Frammenti di chiacchiere, propostesi quasi simili a semplici pettegolezzi, furono quelli che, per primi, sospinsero il sapore di quel dramma fino all’attenzione del giovane, dello scudiero tanto allegro, tanto soddisfatto della propria vita e del proprio mondo, in quel fenomeno tipico di ogni città, e forse ancor più di Kriarya, capace di diffondere una qualsiasi informazione, una qualsiasi notizia in breve tempo.

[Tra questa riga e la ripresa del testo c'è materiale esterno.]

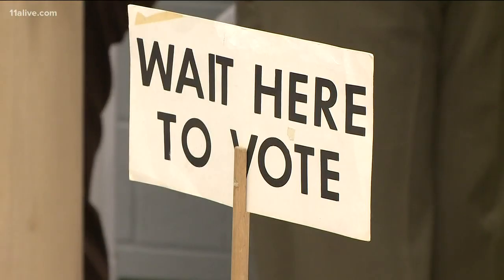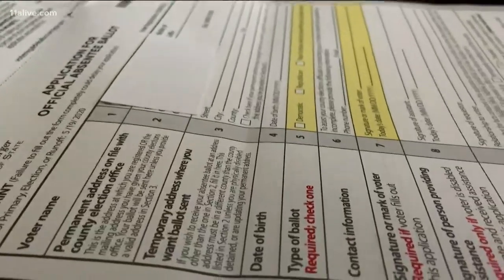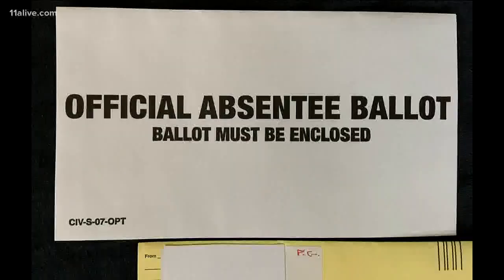Rather than crowd into election precincts, the state has encouraged Georgia voters to submit paperwork to receive absentee ballots. And half a million voters have done it. We've put together something in six weeks that takes many states six to eight years.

Per quanto avesse riconosciuto immediatamente, in tali frasi confuse nel vociare cittadino, il nome della propria signora, egli non avrebbe potuto avere immediatamente motivo di allarmarsi, di insospettirsi per tale citazione, dal momento in cui, ad ogni ritorno del suo cavaliere in città, inevitabili sarebbero state le voci a suo riguardo, a simile proposito, tale da informare chiunque nel merito delle sue ultime gesta. Ciò nonostante, il fatto che, dopo ormai due giorni, ancora qualcuno avesse da parlare di lei, non mancò di incuriosire Seem, pretendendo da lui maggiore attenzione, maggiore interesse, in quanto tali ciance non avrebbero dovuto riferirsi, di logica, al rientro nella capitale, ormai notizia vecchia, priva di interesse, quanto a qualche altro fatto, a qualche altro evento, forse una rissa, a cui egli non aveva preso parte, nell’essere impegnato altrove, nell’aver rivolto, in quelle ultime ore, la propria attenzione non alla guerra quanto, piuttosto, all’amore.

« Non può essere! » esclamò con chiaro stupore una delle voci dei protagonisti di quel dialogo, negando la verità di un fatto, purtroppo, non ancora esplicito all’attenzione del loro silente ascoltatore, dello spettatore improvvisato di quel confronto così avvicinatosi a loro, in effetti solo un volto fra i tanti di coloro che pur stavano rallentando i propri passi attratti dall’argomento trattato.